## Your assignment
List all lines of the data that include the string "Butterfly".

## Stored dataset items
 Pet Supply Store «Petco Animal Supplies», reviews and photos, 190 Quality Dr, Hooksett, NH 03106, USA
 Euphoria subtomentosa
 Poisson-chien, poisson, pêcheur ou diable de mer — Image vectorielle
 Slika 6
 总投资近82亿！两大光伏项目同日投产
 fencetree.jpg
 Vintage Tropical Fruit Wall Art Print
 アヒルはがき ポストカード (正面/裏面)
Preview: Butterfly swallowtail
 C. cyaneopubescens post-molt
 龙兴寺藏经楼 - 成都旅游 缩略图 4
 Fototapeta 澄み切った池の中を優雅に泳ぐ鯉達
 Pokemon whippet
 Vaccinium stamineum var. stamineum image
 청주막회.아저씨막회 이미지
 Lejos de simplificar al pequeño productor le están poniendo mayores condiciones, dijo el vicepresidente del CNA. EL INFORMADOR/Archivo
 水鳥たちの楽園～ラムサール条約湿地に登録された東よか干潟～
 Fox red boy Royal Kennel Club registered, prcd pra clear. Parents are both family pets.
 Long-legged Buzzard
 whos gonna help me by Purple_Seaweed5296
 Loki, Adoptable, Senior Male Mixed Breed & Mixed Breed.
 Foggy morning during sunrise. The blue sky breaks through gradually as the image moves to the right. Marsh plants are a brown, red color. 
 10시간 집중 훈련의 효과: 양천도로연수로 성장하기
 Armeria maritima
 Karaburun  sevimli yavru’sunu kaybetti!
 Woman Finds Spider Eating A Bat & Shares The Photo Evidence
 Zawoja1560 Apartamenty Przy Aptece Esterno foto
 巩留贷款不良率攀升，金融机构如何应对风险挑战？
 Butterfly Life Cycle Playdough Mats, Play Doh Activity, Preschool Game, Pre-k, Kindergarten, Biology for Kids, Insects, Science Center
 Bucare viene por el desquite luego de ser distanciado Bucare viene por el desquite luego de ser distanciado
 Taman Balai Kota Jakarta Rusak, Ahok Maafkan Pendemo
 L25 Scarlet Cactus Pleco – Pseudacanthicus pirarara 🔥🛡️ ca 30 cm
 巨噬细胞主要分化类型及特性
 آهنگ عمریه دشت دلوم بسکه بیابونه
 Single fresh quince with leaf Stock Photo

## Your response
Preview: Butterfly swallowtail
 Butterfly Life Cycle Playdough Mats, Play Doh Activity, Preschool Game, Pre-k, Kindergarten, Biology for Kids, Insects, Science Center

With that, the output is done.